El libro fue escrito por los hijos de Mona Best, la fundadora del Casbah Coffee Club, un lugar en el que se originó una pequeña banda conocida como Los Beatles. Ted escribió al sitio web de la cafetería, que aún se conserva intacta, y consiguió intercambiar correos con Roag Best durante meses, descubriendo una relación estrecha entre nacimiento del Casbah Coffee Club, Los Beatles y Coca-Cola.

En 1959, Mo Best decidió abrir un local de música para capitalizar la popularidad del rock ‘n’ roll entre los jóvenes. Sacó todo lo que había en el sótano de su casa y con la ayuda de su familia y de unos chicos llamados John, Paul y George, pintó el lugar con arañas, dragones y estrellas.

El lugar abrió sus puertas con un concierto de Los Quarrymen, la banda de John Lennon, Paul McCarthy, George Harrison y Ken Brown. La agrupación tocaba frecuentemente en la cafetería, de hecho, fue allí donde decidieron cambiar su nombre a Los Beatles.

Al regresar de un tour por Alemania, los integrantes del grupo trajeron al Casbah Coffee Club un sonido renovado, seis meses después estaban grabando su primer demo en Londres. La beatlemanía había comenzado.

¿Qué hacía Coca-Cola en este lugar?

A través de Roag Best, Ted logró contactar a Johnny Johnson, un trabajador de la embotelladora de Coca-Cola en Liverpool. Johnson fue el responsable de que, aunque el lugar fuese una cafetería, la Coca-Cola fuese la bebida predilecta de todos.

El Casbah Coffee Club recibió un anuncio de Coca-Cola con el nombre del local, Johnson colocó neveras por todo el lugar y la gente tomó tanta Coca-Cola en la cafetería que se convirtió en el punto de ventas más lucrativo de Liverpool. Johnny debía ir dos o tres veces por semana a recargar las neveras de Coca-Cola.
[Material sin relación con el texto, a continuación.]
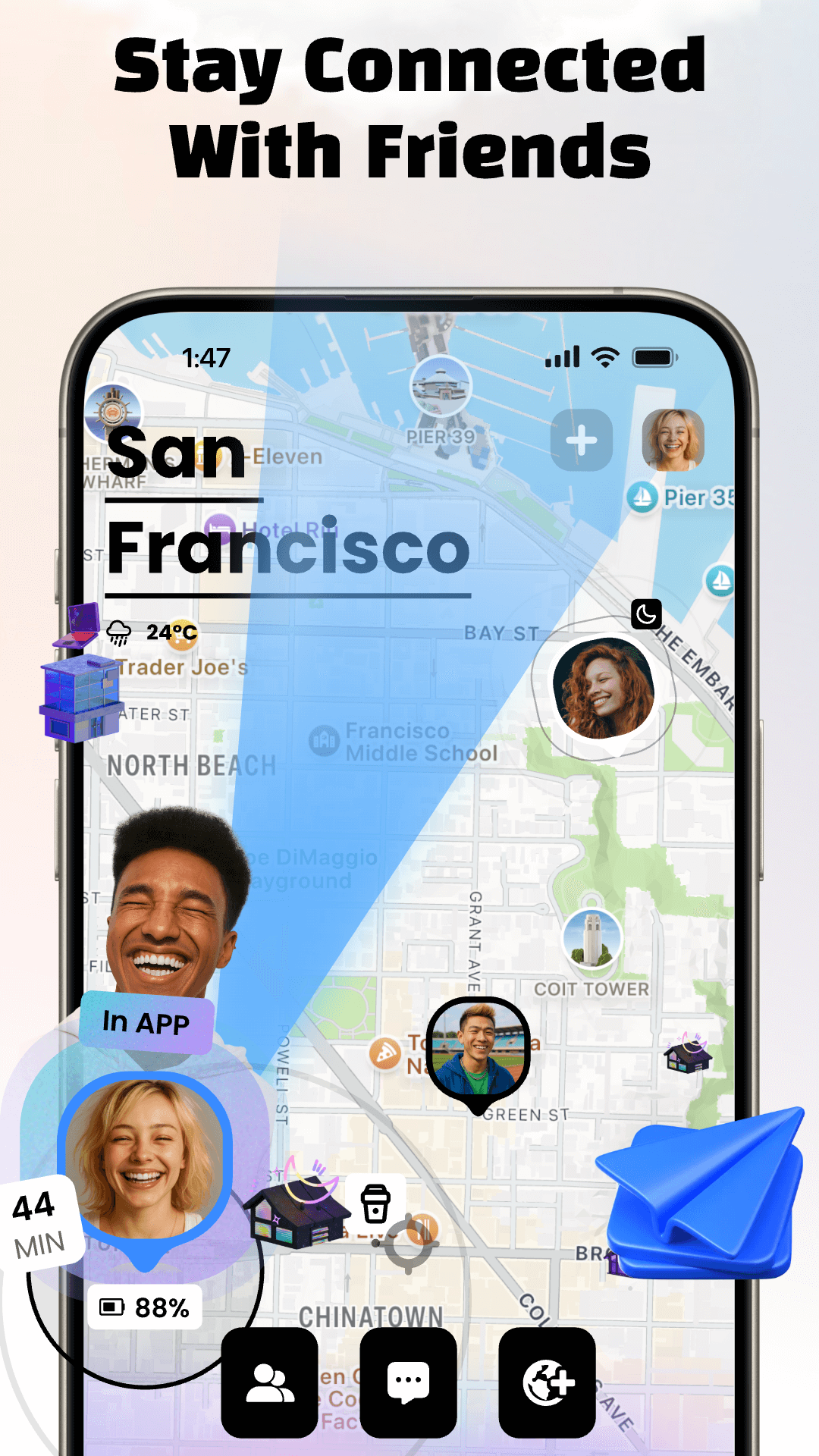 اسکرین شات 3 بازی Office Cat: Idle Tycoon Games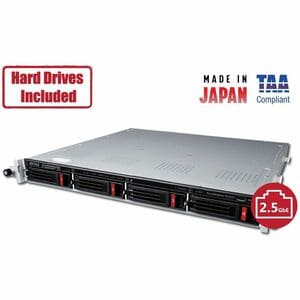 BUFFALO TeraStation 3420 4-Bay SMB 8TB (2x4TB) Rackmount NAS Storage w/ Hard Drives Included - Annapurna Labs Alpine AL-21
La cafetería se mantiene como un museo de Los Beatles y se conserva intacta desde 1962 (el año en el que el grupo lanzó su primer álbum). El escenario, el equipo musical e incluso los murales dibujados por los miembros de la banda se mantienen impecables.
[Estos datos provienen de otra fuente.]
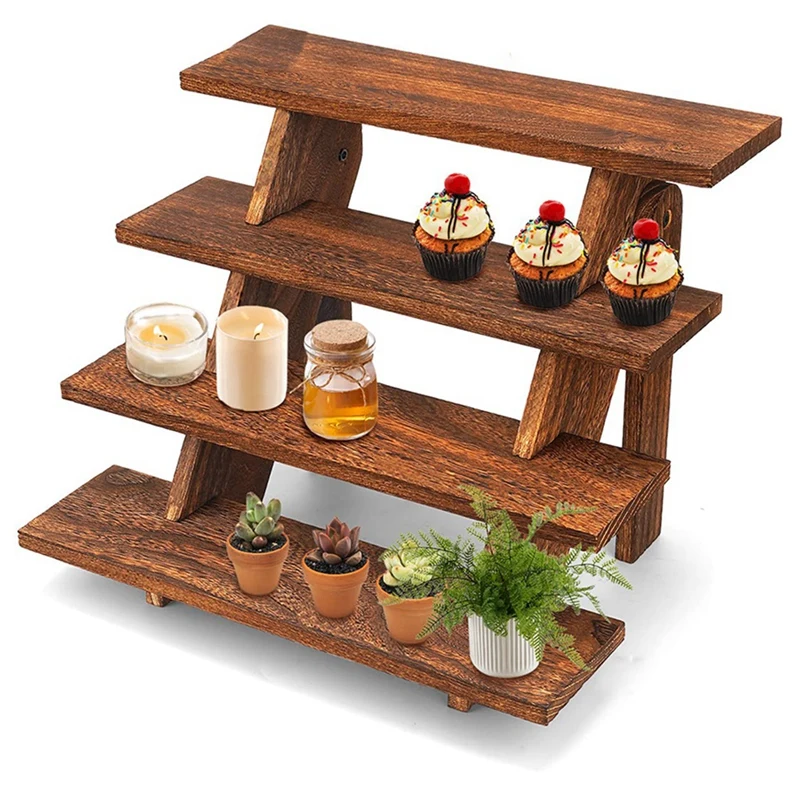 

Wood Cupcake Stands Tool Free, Rustic Risers For Display Perfect Craft Shelves Table Display Stand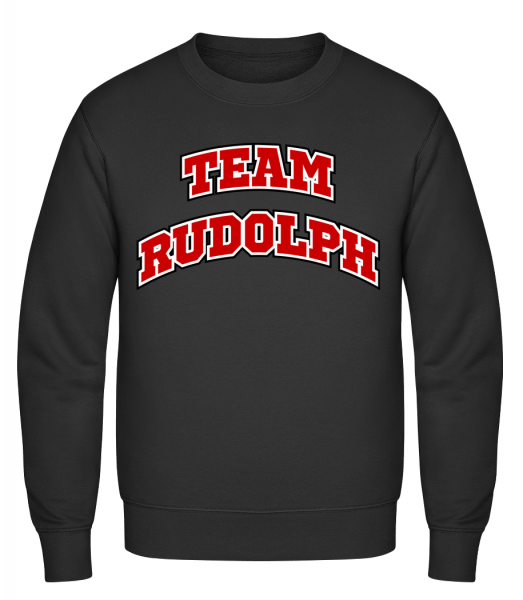 Team Rudolph - Sweatshirt Homme - Noir - Vorn
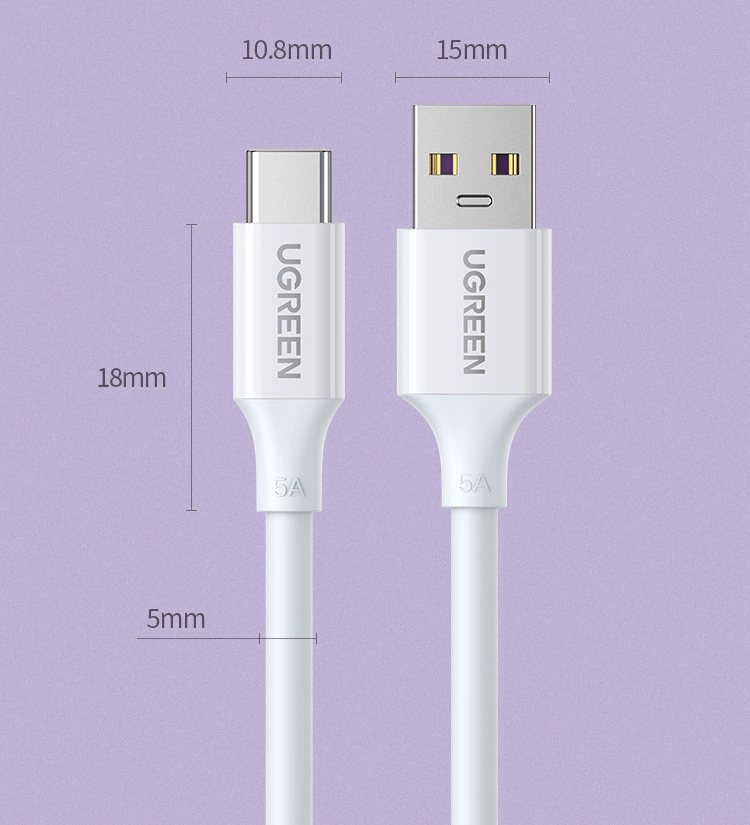 ugreen绿联-更专业更安心的数码品牌 绿联type-c数据线5a闪充线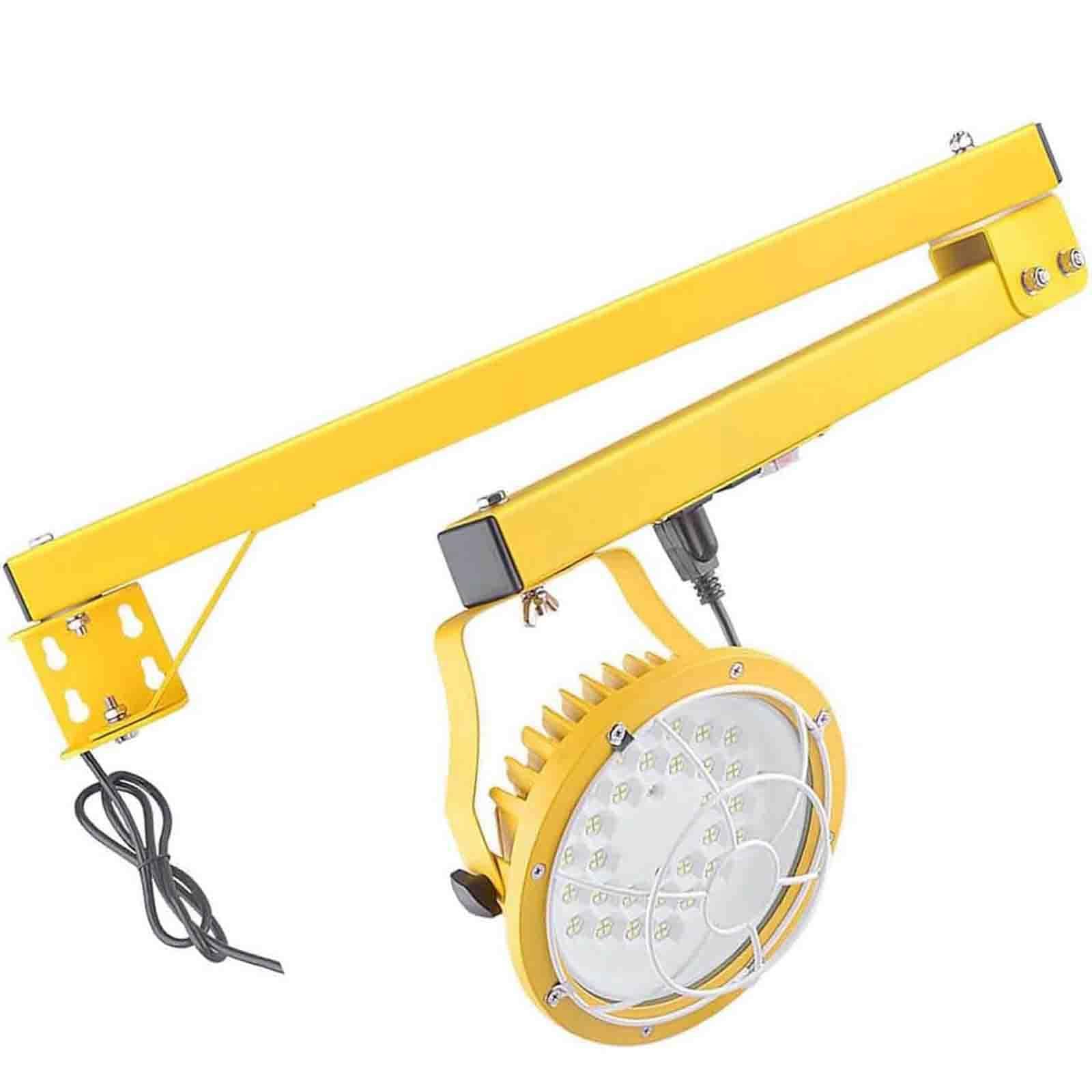PixCy Heavy-Duty Wall Mount Dock Work Light,6500lm High Brightness 50W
El rey de las neveras de Coca-Cola

Johnny Johnson trabajó en Coca-Cola entre 1958 y 1962, justo en la época en la que Los Beatles estaban comenzando. Conoció a Mona Best durante sus recorridos como vendedor, el Casbah Coffee Club se convirtió en su primera y última parada.
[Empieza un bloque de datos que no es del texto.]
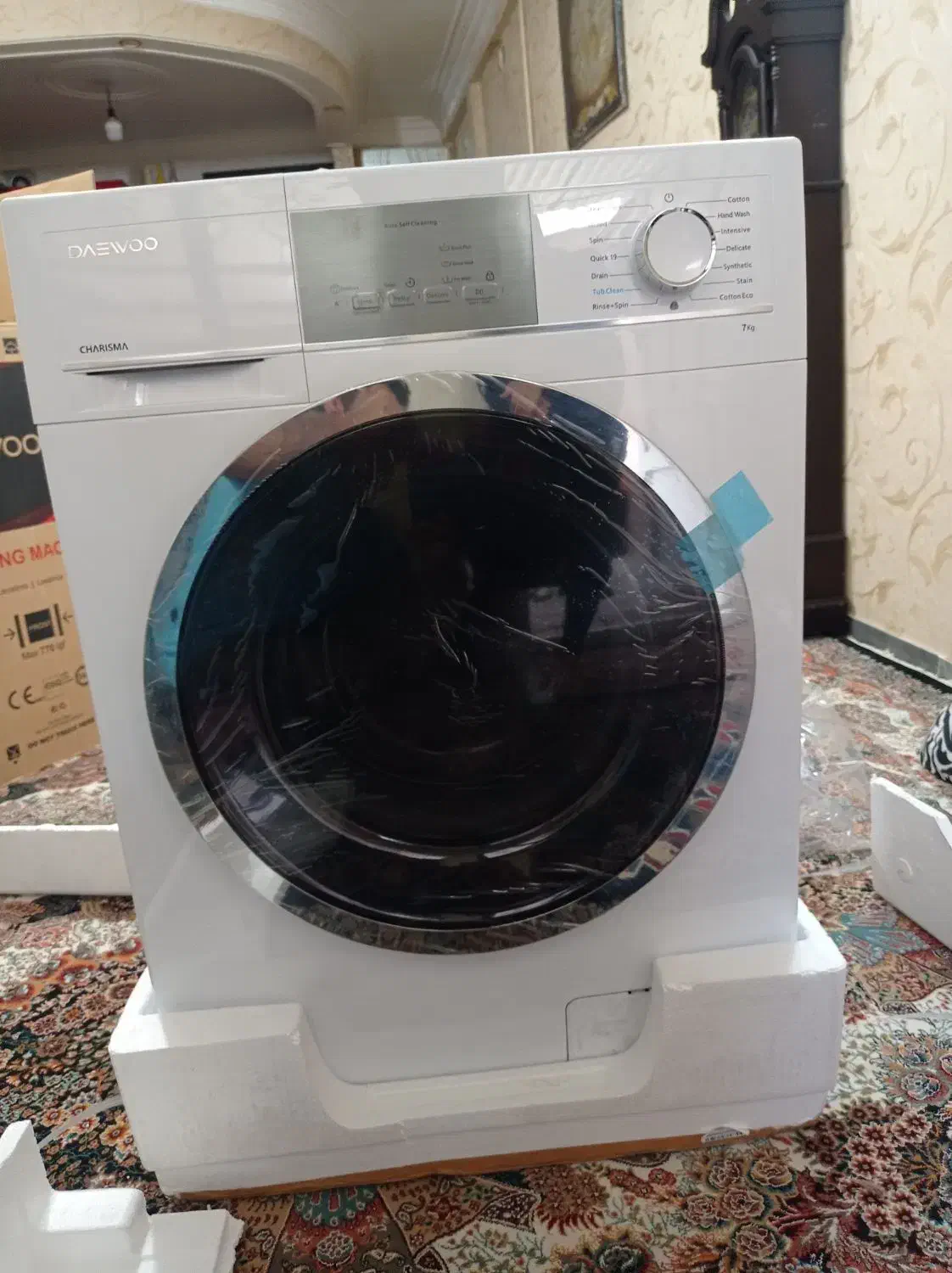 لباسشویی دوو7کیلویی دوتا فرش 9متری نو|ماشین لباسشویی و خشک‌کن لباس|پاکدشت, پاکدشت (مامازند)|دیوار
“No podía el gusto con el que Coca-Cola era recibida por la gente en ese lugar. Siempre intentábamos regresar al Casbah porque era un lugar emocionante”, cuenta Johnson, quien visitaba tanto el local que comenzó a ser tratado como un miembro más de la familia Best.

El sitio se volvió tan popular que a Johnny le costaba trabajo estacionar su van para descargar las botellas. El sitio estaba rodeado por chicas que acampaban para ver a sus ídolos, “la van de los Beatles estaba cubierta por besos de labial rojo”, recuerda Johnson entre risas.

Trabajar como proveedor de Coca-Cola para este famoso lugar, le dio a Johnny la oportunidad de tocar el piano de Red River Valley con los ídolos del rock ‘n’ roll en más de una ocasión. “Al final de la noche, acabábamos en la mesa de la cocina de la casa bebiendo Coca-Cola, platicando con Mo y con los Beatles”.

Los Beatles se convirtieron en la agrupación más conocida del mundo, y Johnny Johnson se convirtió en el rey de ventas de neveras de Coca-Cola gracias al Casbah Coffee Club.